I came relatively late to David Bowie.
It started one night in York, a city in the north of England, during the winter of 1976. Times were tough in Britain then; unemployment was high and strikes were rampant. I rented a room from a single mom with a son who was slightly younger than me. He took me drinking at a workingman’s club where we fell into a fevered conversation about music.
Afterward, he showed me scrapbooks full of snapshots of he and his friends, dressed in all manner of Space Oddity gear, their faces painted like Aladdin Sane.

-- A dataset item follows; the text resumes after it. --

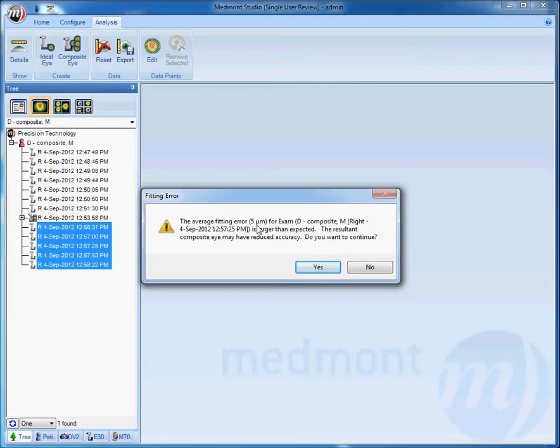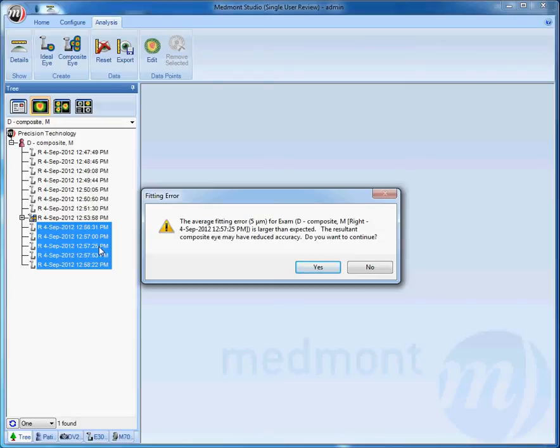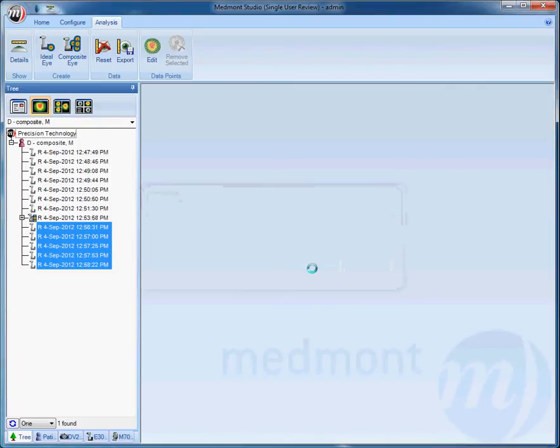In other words, this image should be retaken prior to doing a Composite Eye. We should eliminate the third image, 12:57:25, retake that fixation, and then calculate the Composite Eye with five or more quality images.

For him, Bowie had provided a key for unlocking collective imagination, unleashing a pent-up flood of dayglo energy.
I’d been unsure what to make of Bowie. Rock music had always been about breaking down inhibitions, especially when it came to sex. But that scene had always been decidedly heterosexual, a cavalcade of mannish boys either strutting their stuff or waxing sensitive, though no less in charge for that.
Rock, and the sexual revolution it reflected, had been a boon for straight people like me, but it left a lot of other folks and ways of being out. In this, it wasn’t nearly the change agent that many of us thought it was. In fact, it was rather stodgy, which meant we were rather stodgy, too.

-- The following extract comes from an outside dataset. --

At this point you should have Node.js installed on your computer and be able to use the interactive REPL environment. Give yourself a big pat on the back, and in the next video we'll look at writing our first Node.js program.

David Bowie didn’t merely challenge rock’s sexual stereotypes — he blew them to smithereens. Ziggy Stardust, his early, gender-bending persona, was a masterful provocation. Through Ziggy, Bowie unpacked and reassembled generations of sexual imagery, creating a powerful metaphor for what was actually happening in peoples’ lives. Then, by choosing rock as his medium, Bowie reinvigorated the form, demonstrating its theatrical capacity to refresh and explore otherwise time-worn themes.
I was getting an inkling of all this that night in York. First, though, would be the music itself. My friend had just bought a copy of Bowie’s latest, Station To Station. Had I heard this yet? Bowie had moved on, traded his space alien for a thin white duke with juggernaut guitars.
That sealed the deal for me.
In the years that followed I would see Bowie perform at the Arie Crown Theatre in Chicago, a massive hall he somehow managed to pull around him like a cloak. Better still, was his turn as John Merrick, in The Elephant Man, a part ideally suited to Bowie’s sense of physical theatricality and conceptual preoccupation with loneliness.
In loneliness Bowie found his greatest, most important theme. Look beyond the provocations and the pop cultural temptation to see given works as permissions of one sort or another, and you find an artist absorbed by the paradox of how all our expanding means of connection leave us, as individuals, more isolated than ever.
If Bowie seemed to have an uncanny ability to read the zeitgeist, catch and express the strange ways in which our technologies shape us, this may have been due to his very primal feeling for how alone we ultimately are. In this the man who fell to earth was really everyman. People will be catching up with him for years to come.